Vivimos en un mundo que es menester superar y cambiar por otro y ello se debe y se puede hacer. Para ello, Arizmendiarrieta recoge postulados de ambas ideologías, pero rompiendo con ellas en favor de nuevos criterios e ideas. El medio, el motor, de ese cambio vendrá propiciado por las personas a través de la transformación moral de los individuos que integrarán un nuevo modelo de organización empresarial. Se trata de los modelos cooperativos. Ello requiere, por un lado, de una constante capacitación de los trabajadores, pues se entiende que de la socialización del saber llegará la auténtica democratización del poder. Por otro lado, el compromiso será también una pieza clave, concretándose en la aceptación de la solidaridad y la ayuda mutua.

El capital como instrumento Las cooperativas no pueden prescindir del capital como recurso inestimable que garantiza su competitividad y su eficacia. Pero se trata de un instrumento al servicio de la doble condición de trabajador-propietario. Este nuevo esquema de trabajo y organización empresarial se encuentra perfectamente vertebrado en torno a la gestión democrática de las organizaciones.

La aceptación del modelo cooperativista significa creer en la solidaridad. Esta exige un compromiso permanente por parte de todos los miembros. La cooperación y la ayuda mutua son manifestaciones del principio de la solidaridad y suponen la máxima expresión del principio cooperativista, sin él no podemos hablar de gestión cooperativista de alternativa al modelo de gestión empresarial de corte tradicional. Es precisamente este magma el que debe impregnar nuestra sociedad y nuestros valores sociales para generar de este modo un acervo social mediante el que seamos capaces de exigir y naturalizar dicho principio, en el plano de la gestión macroeconómica, en los mecanismos de ajuste en los mercados, en la distribución de beneficios, del crédito, etc.

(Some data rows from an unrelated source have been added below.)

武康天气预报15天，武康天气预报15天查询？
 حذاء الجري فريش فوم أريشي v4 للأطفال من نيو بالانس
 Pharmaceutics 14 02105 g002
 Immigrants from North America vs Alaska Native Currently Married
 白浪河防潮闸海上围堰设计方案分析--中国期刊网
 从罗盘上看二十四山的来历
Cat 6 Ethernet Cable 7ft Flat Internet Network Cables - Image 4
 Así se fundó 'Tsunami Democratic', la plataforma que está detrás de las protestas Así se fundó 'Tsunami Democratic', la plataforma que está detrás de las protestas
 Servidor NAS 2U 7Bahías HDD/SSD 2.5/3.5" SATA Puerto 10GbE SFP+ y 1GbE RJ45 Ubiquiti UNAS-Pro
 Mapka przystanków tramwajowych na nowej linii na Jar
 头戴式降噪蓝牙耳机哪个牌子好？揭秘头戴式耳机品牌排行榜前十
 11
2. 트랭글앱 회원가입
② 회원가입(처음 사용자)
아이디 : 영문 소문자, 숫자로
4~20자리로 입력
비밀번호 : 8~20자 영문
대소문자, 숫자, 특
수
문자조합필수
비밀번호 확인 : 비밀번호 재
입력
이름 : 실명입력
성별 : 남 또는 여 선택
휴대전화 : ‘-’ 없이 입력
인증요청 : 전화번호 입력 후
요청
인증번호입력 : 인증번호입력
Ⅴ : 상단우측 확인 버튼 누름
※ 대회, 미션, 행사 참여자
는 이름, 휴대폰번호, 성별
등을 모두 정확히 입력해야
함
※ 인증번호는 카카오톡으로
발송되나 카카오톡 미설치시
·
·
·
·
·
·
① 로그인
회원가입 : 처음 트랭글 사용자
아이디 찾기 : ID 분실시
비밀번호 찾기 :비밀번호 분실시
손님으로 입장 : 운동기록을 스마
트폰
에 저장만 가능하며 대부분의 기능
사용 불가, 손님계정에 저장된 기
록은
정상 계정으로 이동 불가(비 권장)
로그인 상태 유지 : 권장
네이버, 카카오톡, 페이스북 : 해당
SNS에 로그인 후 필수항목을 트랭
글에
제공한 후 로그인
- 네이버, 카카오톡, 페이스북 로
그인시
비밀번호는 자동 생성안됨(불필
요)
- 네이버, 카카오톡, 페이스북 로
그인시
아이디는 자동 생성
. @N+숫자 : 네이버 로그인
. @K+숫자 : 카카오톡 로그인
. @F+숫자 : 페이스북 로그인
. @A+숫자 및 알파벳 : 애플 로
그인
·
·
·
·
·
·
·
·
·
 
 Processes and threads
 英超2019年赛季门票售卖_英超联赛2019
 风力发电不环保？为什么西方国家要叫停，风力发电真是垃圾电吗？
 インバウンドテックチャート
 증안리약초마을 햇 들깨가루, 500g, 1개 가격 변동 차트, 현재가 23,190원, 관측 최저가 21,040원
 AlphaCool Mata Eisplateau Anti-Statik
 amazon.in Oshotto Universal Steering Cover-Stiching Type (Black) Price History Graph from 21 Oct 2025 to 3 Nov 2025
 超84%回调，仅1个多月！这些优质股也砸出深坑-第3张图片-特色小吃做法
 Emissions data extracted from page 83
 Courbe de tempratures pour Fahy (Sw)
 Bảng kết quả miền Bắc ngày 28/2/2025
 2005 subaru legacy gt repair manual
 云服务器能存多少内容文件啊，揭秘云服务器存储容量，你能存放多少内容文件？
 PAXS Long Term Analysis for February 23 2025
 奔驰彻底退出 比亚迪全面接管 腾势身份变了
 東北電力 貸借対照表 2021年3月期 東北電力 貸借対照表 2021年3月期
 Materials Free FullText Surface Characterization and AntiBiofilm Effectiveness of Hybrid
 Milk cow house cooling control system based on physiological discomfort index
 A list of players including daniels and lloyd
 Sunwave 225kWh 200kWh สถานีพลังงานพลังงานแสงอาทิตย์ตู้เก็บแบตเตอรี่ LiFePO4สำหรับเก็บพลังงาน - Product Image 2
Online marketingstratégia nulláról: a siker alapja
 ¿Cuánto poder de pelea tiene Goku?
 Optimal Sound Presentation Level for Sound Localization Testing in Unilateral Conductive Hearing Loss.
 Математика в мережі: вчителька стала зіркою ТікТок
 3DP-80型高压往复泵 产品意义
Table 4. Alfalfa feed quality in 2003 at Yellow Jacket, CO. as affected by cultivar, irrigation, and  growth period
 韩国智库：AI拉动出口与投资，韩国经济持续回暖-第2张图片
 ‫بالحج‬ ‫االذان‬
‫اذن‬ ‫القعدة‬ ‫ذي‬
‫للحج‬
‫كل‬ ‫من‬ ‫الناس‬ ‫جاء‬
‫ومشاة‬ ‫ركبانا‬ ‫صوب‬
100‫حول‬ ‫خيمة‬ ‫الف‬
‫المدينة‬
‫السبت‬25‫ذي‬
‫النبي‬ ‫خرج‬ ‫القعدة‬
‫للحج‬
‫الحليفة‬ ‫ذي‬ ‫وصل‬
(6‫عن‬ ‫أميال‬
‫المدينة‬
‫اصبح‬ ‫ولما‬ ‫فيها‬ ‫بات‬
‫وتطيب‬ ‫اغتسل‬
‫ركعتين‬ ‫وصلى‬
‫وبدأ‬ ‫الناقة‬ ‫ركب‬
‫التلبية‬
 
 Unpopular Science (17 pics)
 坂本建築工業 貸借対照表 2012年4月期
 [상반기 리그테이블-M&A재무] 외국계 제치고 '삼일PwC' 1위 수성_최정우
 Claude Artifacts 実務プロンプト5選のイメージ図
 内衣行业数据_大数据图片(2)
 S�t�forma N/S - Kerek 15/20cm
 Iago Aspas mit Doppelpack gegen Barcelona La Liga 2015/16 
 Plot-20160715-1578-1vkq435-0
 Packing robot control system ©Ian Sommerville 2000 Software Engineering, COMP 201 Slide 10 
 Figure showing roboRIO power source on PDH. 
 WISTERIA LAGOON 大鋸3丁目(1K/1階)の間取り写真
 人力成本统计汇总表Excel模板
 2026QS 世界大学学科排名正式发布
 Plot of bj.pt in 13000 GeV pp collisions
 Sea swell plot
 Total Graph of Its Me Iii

Poseemos la receta y la experiencia empírica que demuestra que otra vía es posible. Somos capaces de evitar que sea la historia quien pase página o quien establezca cuándo este desequilibrio -por el cual, en palabras de Joseph Stiglitz, el 1% de la población tiene lo que el 99% necesita- pase de la bandeja de temas por resolver a la de temas resueltos.